At a local level, the results indicate that after recruitment, the transition to young plants kept in standard household micro environments (topography, soil). This added special pattern in seedlings of D. cearensis was also observed in other species of semiarid regions. The survival of seedlings of Pistacia lentiscus, an evergreen shrub of semiarid region of southeastern Spain, showed a strongly aggregated spatial pattern over time [13] . In this case, the spatial heterogeneity played a decisive role as abiotic and not only rain water was important to vegetation dynamics in this environment. Spatial heterogeneity also revealed that environmental conditions favorable seedlings and saplings remained aggregated on a local scale [8] .

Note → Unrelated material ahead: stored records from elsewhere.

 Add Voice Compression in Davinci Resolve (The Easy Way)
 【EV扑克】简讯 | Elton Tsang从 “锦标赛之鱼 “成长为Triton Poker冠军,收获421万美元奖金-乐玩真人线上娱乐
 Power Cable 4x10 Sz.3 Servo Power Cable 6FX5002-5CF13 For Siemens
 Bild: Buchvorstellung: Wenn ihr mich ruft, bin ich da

The aggregated distribution pattern may indicate limited dispersal, where the density of seedlings declines sharply with the increase of distance from the parental plant [27] . Similarly, this would be expected to D. cearensis because it is a kind anemocoric. Their seed has dispersed within walking distance 10 - 20 meters and will loose with their difficulty in compact axillary panicles.

5. Conclusion

Spatial analysis by distance indices showed an aggregated spatial distribution pattern for saplings and adults of D. cearensis. The dispersion distance was proportional for both areas, and the highest proportion of seeds was 10 - 20 m away from the center of the aggregation.

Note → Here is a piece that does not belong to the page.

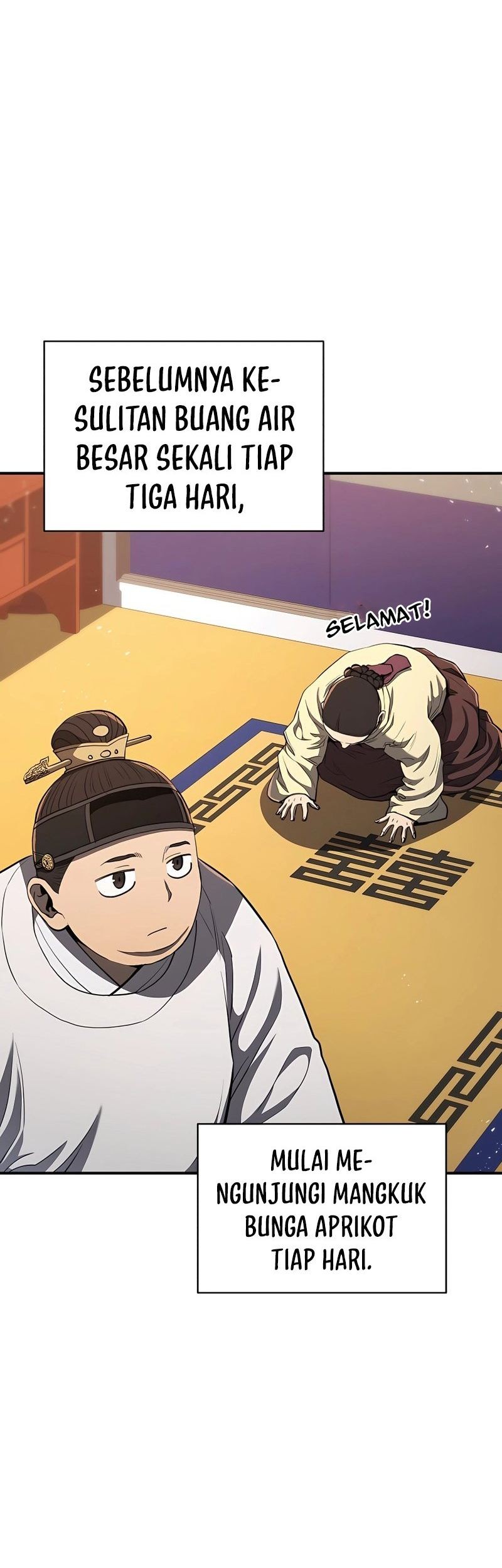 Black Corporation: Joseon Chapter 15 - halaman 35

The authors thank the owners of Private Natural Heritage Reserve—Treasury RPPN Não Me Deixes, Ms. Maria Luiza de Queiroz and her sons Flávio Salek de Queiroz and Daniel Salek Queiroz, for allowing the research unit in the conservation unity. They also thank to the Brazilian Institute of Environment and Renewable Natural Resources—IBAMA for the full-time release of the first author to pursue a Ph.D. in Ecology and Natural Resources at the Department of Biology, Federal University of Ceará.